Smith completed his undergraduate studies at the University of Melbourne (1967) and earned his MA at the University of Sydney (1976). The title of his MA thesis was American Abstract Expressionism: Ethical Attitudes and Moral Function. He obtained his doctoral degree in 1986, and his dissertation (full title: Making the Modern: Industry, Art and Design in America) was published in 1993 by the University of Chicago Press. In 2009, this book won the Georgia O’Keeff Museum Prize for the best book on Modern American Art published in the past 25 years. In 1976, Smith was appointed a lecturer at Power Institute of Fine Arts, University of Sydney and remained there until 2001. Presently, he serves as a board member of both the Andy Warhol Museum and the Carnegie Museum of Art in Pittsburgh.
In the 1960s and 1970s, Australia was on the margin of the art world and major international movements and Smith wanted both to introduce them and to make them relevant for the Australian audience. In 1970, he founded (together with Paul McGillick) a new journal of art criticism entitled Other Voices. The aim was “to offer an alternative platform for serious writing about the newest art.” The leading article in the first issue of this journal was Terry Smith’s “Color-Form Painting: Sydney 1965–1970.”
Smith did not want to write only scholarly articles, and he also wrote art criticism for The Nation Review and for The Australian, which was, at the time, owned by Rupert Murdoch. He was sacked by the owner of the newspaper after he published a supportive review of an artist who criticized Australian involvement in the Vietnam war and a series of increasingly political art columns. Smith drew the attention of the art world to himself when he published an essay “The Provincial Problem” (1974) in the international magazine Artforum. In this essay, he compares Jackson Pollock and an Australian artist Sydney Nolan, who is practically unknown outside Australia. He argues that art can be understood as “the question of consequence, a battle for appropriate acknowledgment, which a provincial artist will always lose unless you revise the history and entire narrative.”
During his career, Smith has written extensively about Australian art. His most important contributions in this area include chapters on the modern and the postmodern in Australian Painting 1788-2000 (2001) and Transformations in Australian Art, vol. 1, The Nineteenth Century: Landscape, Colony and Nation; vol. 2. The Twentieth Century: Modernism and Aboriginality (2002).

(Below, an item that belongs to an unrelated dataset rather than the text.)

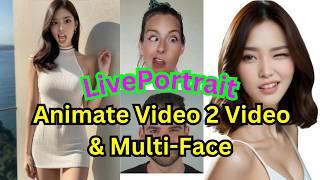 LivePortrait In ComfyUI Create Video2Video And Multi-Face Animation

Another preoccupation in the work of Terry Smith is the notion of “contemporaneity” together with the status of art in our society. In What Is Contemporary Art? (2009), Smith argues that three forms of contemporary art currently exist: 1. art reflecting the after-effects of modernism, which can be classified either as a return to mainstream modernism (Richard Serra and Gerhard Richter) or as something that Smith describes as retro-sensationalism (Damien Hirst and Takashi Murakami); 2. the art of the transnational turn: since Euro-centric or EuroAmerican-centric are no longer dominant, various influences from around the world create a movement within contemporary art that is characterized by its lack of homogeneity; 3. the art of a younger generation that investigates mediation and the possibility of ethics “through small scale and participatory art making.” Other important works of Terry Smith that explore features, significance, and the position of art in the contemporary world are Contemporary Art: World Currents (2011), a wide-ranging textbook, and two books on curating. In Thinking Contemporary Curating (2012), Smith attempts to explore what is distinctive about curatorial thought. Talking Contemporary Curating (2015), takes this further, through conversations with leading international curators, art historians, and theorists, including Zdenka Badovinac, Claire Bishop, Zoe Butt, Germano Celant, Carolyn Christov-Bakargiev, Okwui Enwezor, Boris Groys, Jens Hoffmann, Mami Kataoka, Maria Lind, Hans Ulrich Obrist, and Mari Carmen Ramírez.